___ DATA FOR THIS EXERCISE
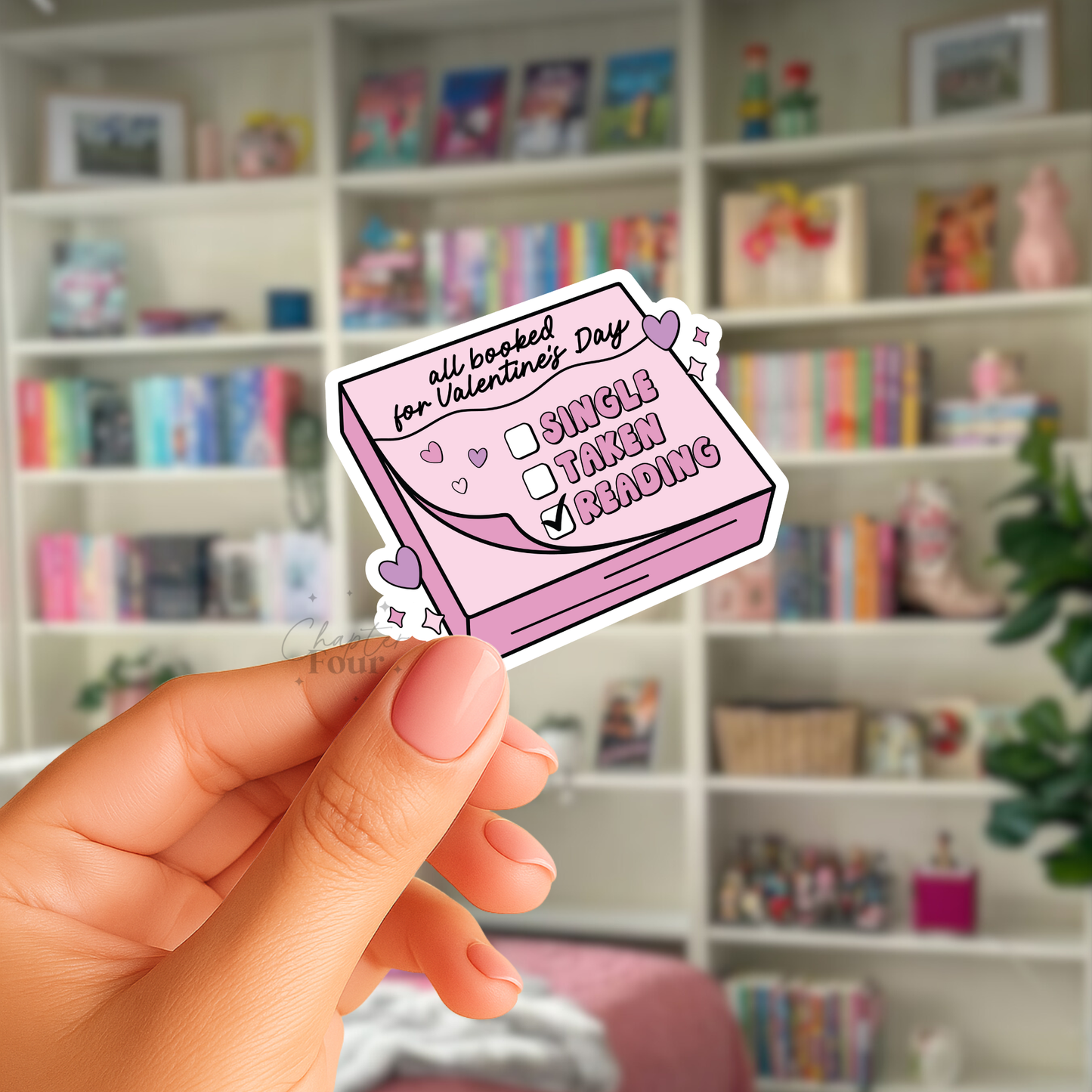 All Booked For Valentine's Day: Single, Taken, Reading Notepad Sticker
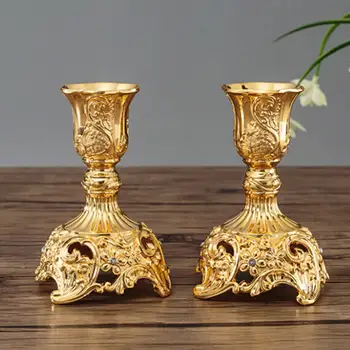 Şamdan Düğün Dekorasyon Dekorasyon mumluklar Metal Tutucu 2 Adet Altın düğün Çiçek Vazo Masa Centerpiece Çiçek Rac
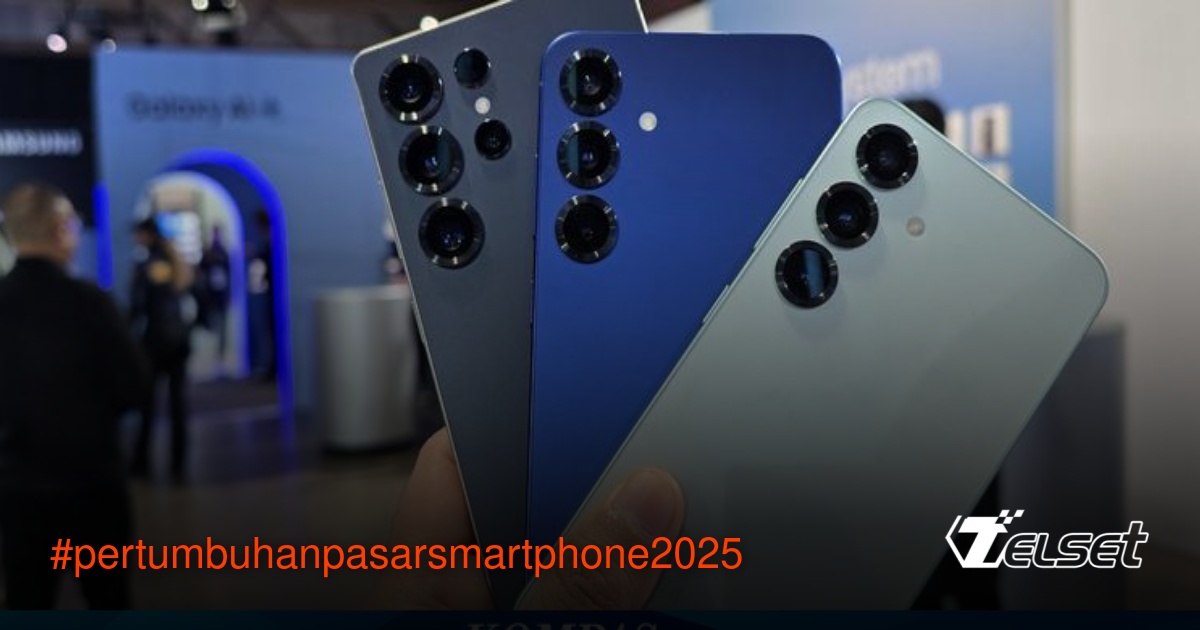 Grafik pertumbuhan pasar smartphone global kuartal I-2025 dengan ilustrasi Samsung Galaxy S25 dan iPhone 16e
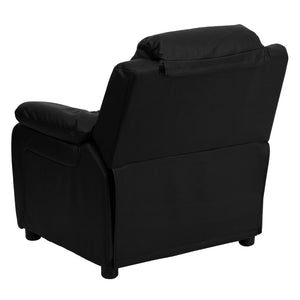 English Elm Charlie Deluxe Padded Kids Recliner with Storage Arms, Cozy Comfort for Playrooms & Living Spaces Black LeatherSoft BT-7985-KID-BK-LEA-GG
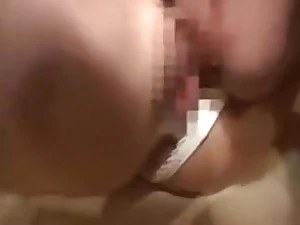 Wild girl in stockings moves her panties to the side and ge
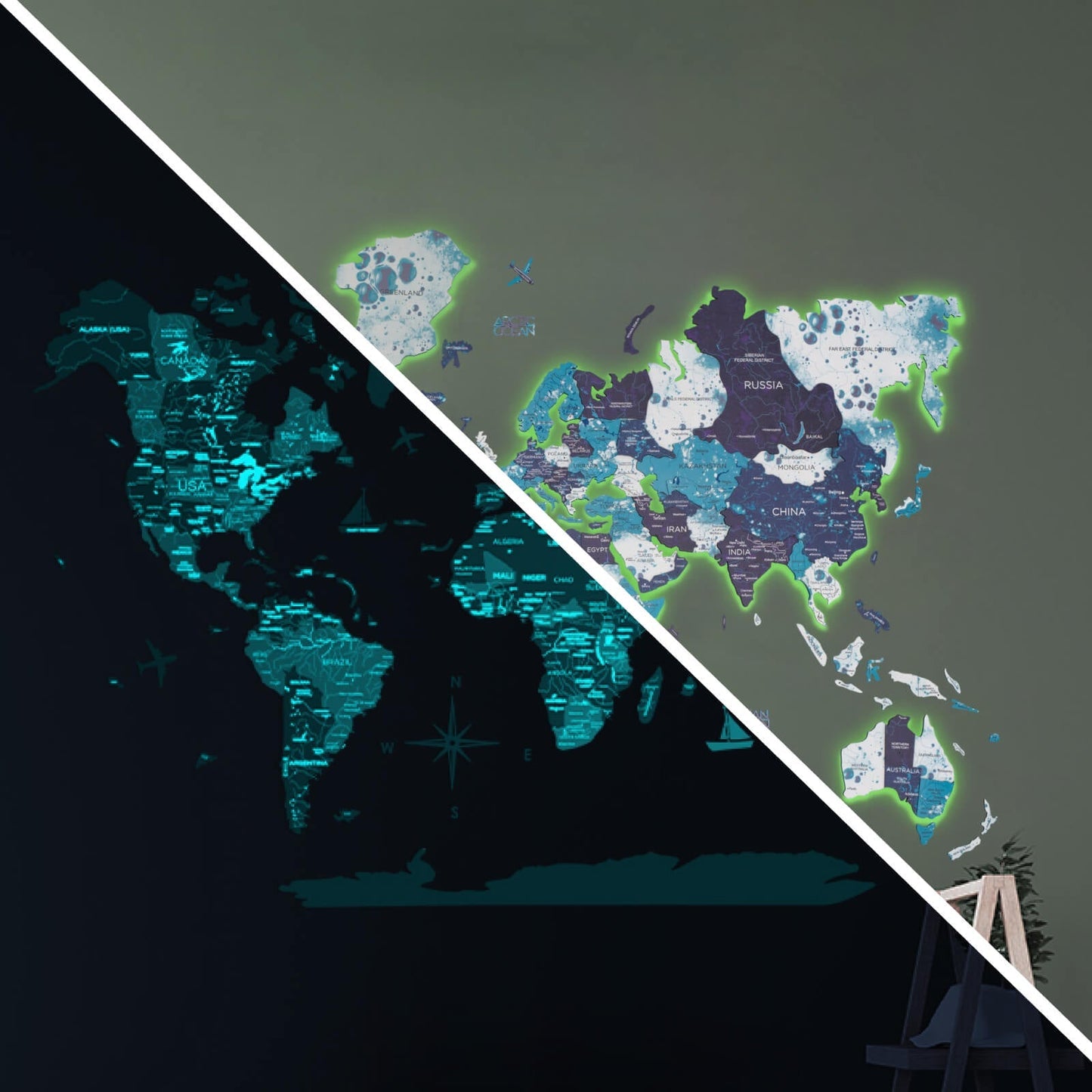 Luminous LED Wooden World Map Wall Art - Ocean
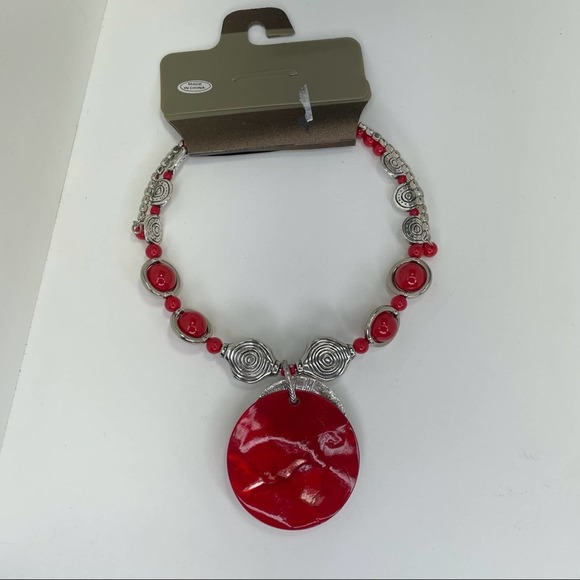 Zevar by Treska Statement Red Pendant Necklace Multi Strand - Picture 4 of 5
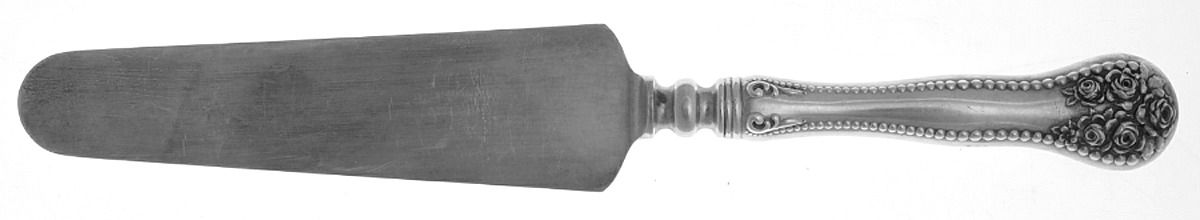 Rose-York Rose (Silverplate, 1910, No Monograms) Pie Server with Silverplate Blade by National Silver Co-1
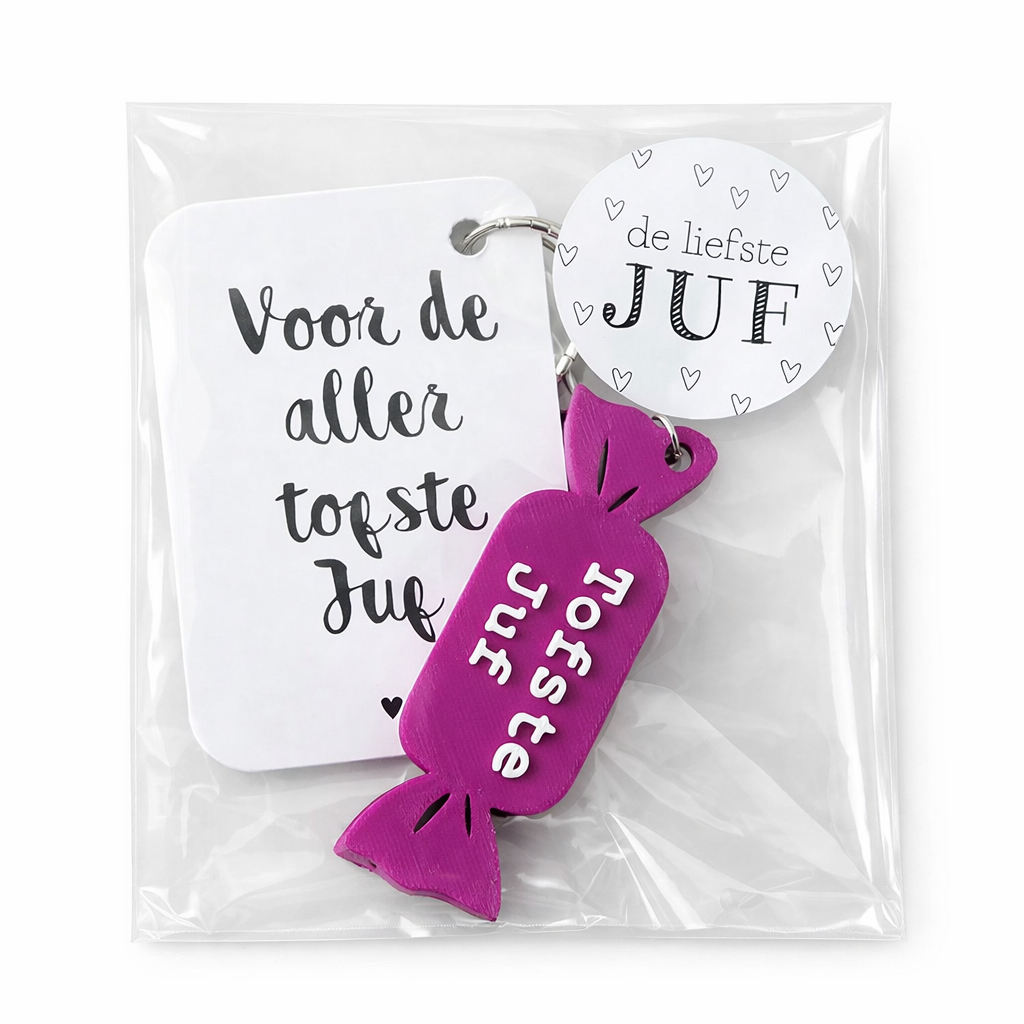 Sleutelhanger Voor de Aller Tofste Juf Paars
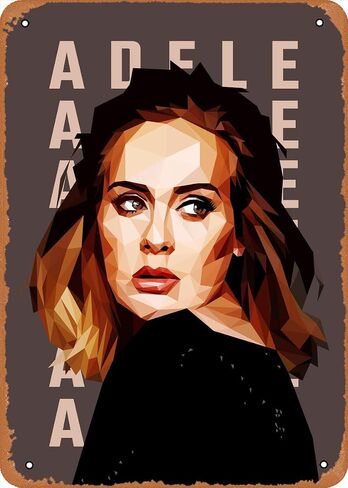 Celebrities Lowpoly Adele Metal Tin Sign Poster Vintage Art Wall Decor 12 x 8 inch in Saudi Arabia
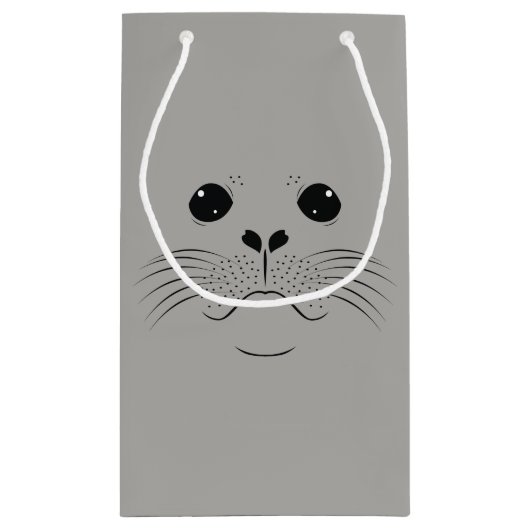 Petit Sac Cadeau Silhouette du visage du phoque (Dos)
______
• _TRY IT_
Your copy of the entries above must be exact and must not include pictures.

• _SOLUTION TO THIS PROBLEM_
 All Booked For Valentine's Day: Single, Taken, Reading Notepad Sticker
 Şamdan Düğün Dekorasyon Dekorasyon mumluklar Metal Tutucu 2 Adet Altın düğün Çiçek Vazo Masa Centerpiece Çiçek Rac
 Grafik pertumbuhan pasar smartphone global kuartal I-2025 dengan ilustrasi Samsung Galaxy S25 dan iPhone 16e
 English Elm Charlie Deluxe Padded Kids Recliner with Storage Arms, Cozy Comfort for Playrooms & Living Spaces Black LeatherSoft BT-7985-KID-BK-LEA-GG
 Wild girl in stockings moves her panties to the side and ge
 Luminous LED Wooden World Map Wall Art - Ocean
 Zevar by Treska Statement Red Pendant Necklace Multi Strand - Picture 4 of 5
 Rose-York Rose (Silverplate, 1910, No Monograms) Pie Server with Silverplate Blade by National Silver Co-1
 Sleutelhanger Voor de Aller Tofste Juf Paars
 Celebrities Lowpoly Adele Metal Tin Sign Poster Vintage Art Wall Decor 12 x 8 inch in Saudi Arabia
 Petit Sac Cadeau Silhouette du visage du phoque (Dos)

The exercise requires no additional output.